Transparency during service incidents
As a trusted partner, Microsoft builds highly resilient cloud services and follows structured procedures to resolve service incidents when they happen. When a service incident occurs, Microsoft recognizes that timely, targeted, and highly available communications are critical for customers.
Timely
Microsoft notifies Microsoft 365 administrators by updating the tenant-specific Service Health Dashboard (SHD) in the Microsoft 365 Admin Portal. Service incident updates are normally provided on an hourly cadence. If a different cadence is needed, we'll inform you of the change in the SHD communication postings.
Targeted
In most cases, when our monitoring systems detect an issue, we can identify the affected customer base, from a single customer up to region or beyond and direct the necessary communications to those customers. This helps you know what you need to know for your business and not be distracted by noise notifications that don't impact you.
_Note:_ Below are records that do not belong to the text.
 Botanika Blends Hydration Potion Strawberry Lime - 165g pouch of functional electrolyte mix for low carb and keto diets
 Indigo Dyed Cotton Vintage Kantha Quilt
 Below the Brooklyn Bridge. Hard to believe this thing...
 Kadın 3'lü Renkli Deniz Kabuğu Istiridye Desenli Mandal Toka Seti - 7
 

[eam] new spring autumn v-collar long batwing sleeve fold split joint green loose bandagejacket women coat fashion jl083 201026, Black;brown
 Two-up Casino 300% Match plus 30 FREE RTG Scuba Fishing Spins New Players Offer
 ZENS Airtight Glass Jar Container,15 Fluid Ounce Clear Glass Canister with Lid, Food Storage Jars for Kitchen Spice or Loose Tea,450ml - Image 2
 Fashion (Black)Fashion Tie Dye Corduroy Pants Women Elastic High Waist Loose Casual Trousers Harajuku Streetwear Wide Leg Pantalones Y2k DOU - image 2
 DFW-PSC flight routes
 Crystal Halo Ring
For example, if a specific mailbox database is impacted, we're able to identify exactly which customers have users on the affected infrastructure and scope our communications to them. If the scope of impact of the incident is unclear, we expand our communications out to the widest group of customers who are potentially impacted.
Highly available
Microsoft maintains multiple channels for service status communications that customers can use.
- In the event the Admin center or the Service Health Dashboard within the Admin center are unavailable, you can monitor the service status using our backup site.
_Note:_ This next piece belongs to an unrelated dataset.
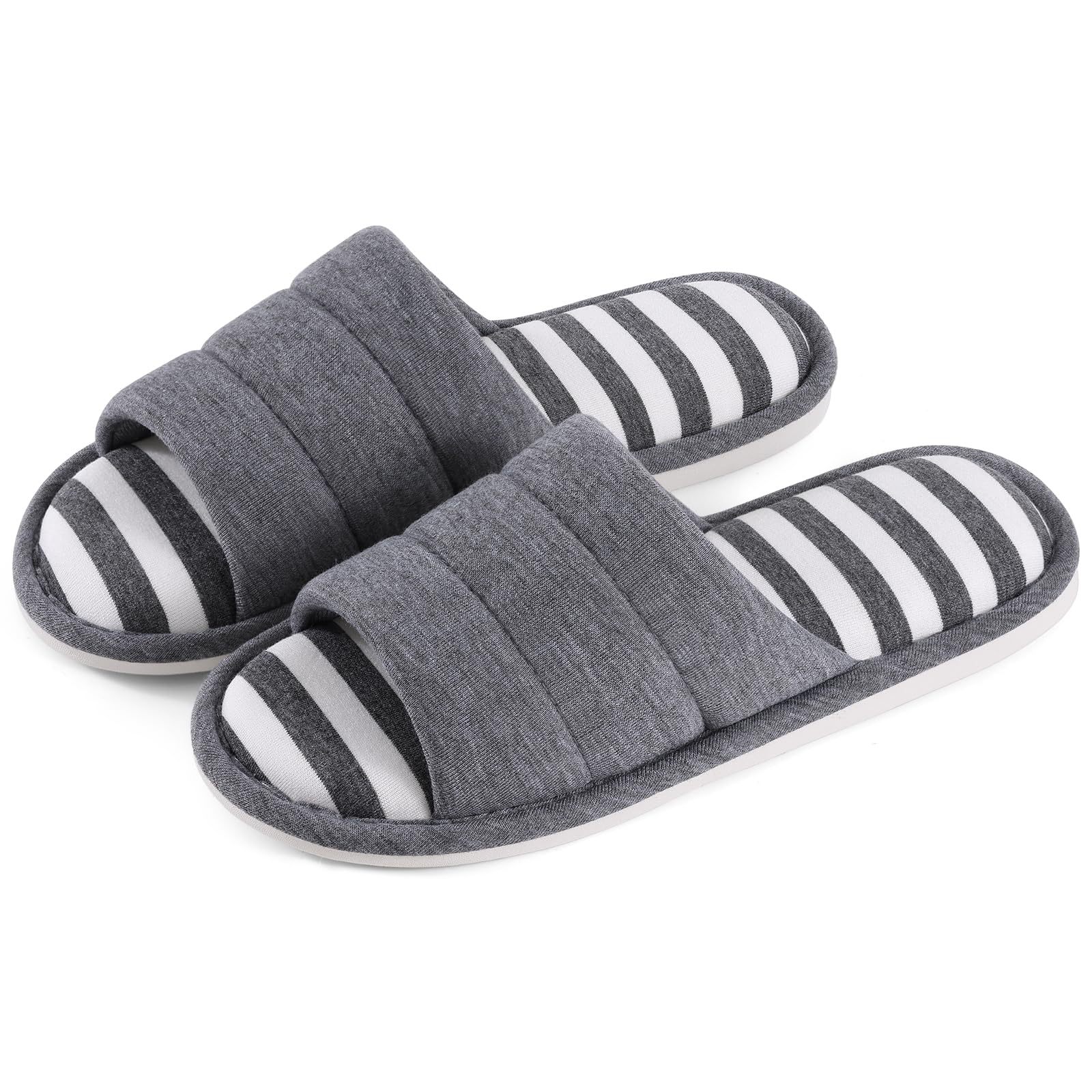 Women's Open Toe Slippers With Cotton Fabric Upper Pure Color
- We maintain a Twitter account @MSFT365Status where we'll respond to reports of impact and post updates on SHD impacting events.
- The Admin App for Microsoft 365 tenant administrators gives you the ability to connect with your organization's Microsoft 365 service status on the go. Tenant administrators have the ability to view service health information and maintenance status updates from their mobile devices. For more information, visit the Admin App FAQ.
- The Microsoft 365 Service Communications API enables you to access service communications so you can more easily monitor your environment. You can connect to the API, receive real-time service health data, and publish the information on an internal dashboard to inform enterprise users of incidents. Distributing the information internally can decrease your helpdesk traffic during an outage.
- For major incidents, Microsoft publishes Post Incident Reviews (PIR) to the SHD within the Admin center. PIRs contain key incident information to help you understand the nature of the outage. It generally contains the following sections:
- User impact
- Scope of impact
- Incident start-end date and time
- Root cause
- Actions taken
- Next steps
- Ancillary communications are available in the Microsoft 365 Message Center, such as notices of upcoming changes, new features, or planned maintenance.
- For more information, see the Service Health and Continuity guide to learn more about the different communication channels and how to monitor service health.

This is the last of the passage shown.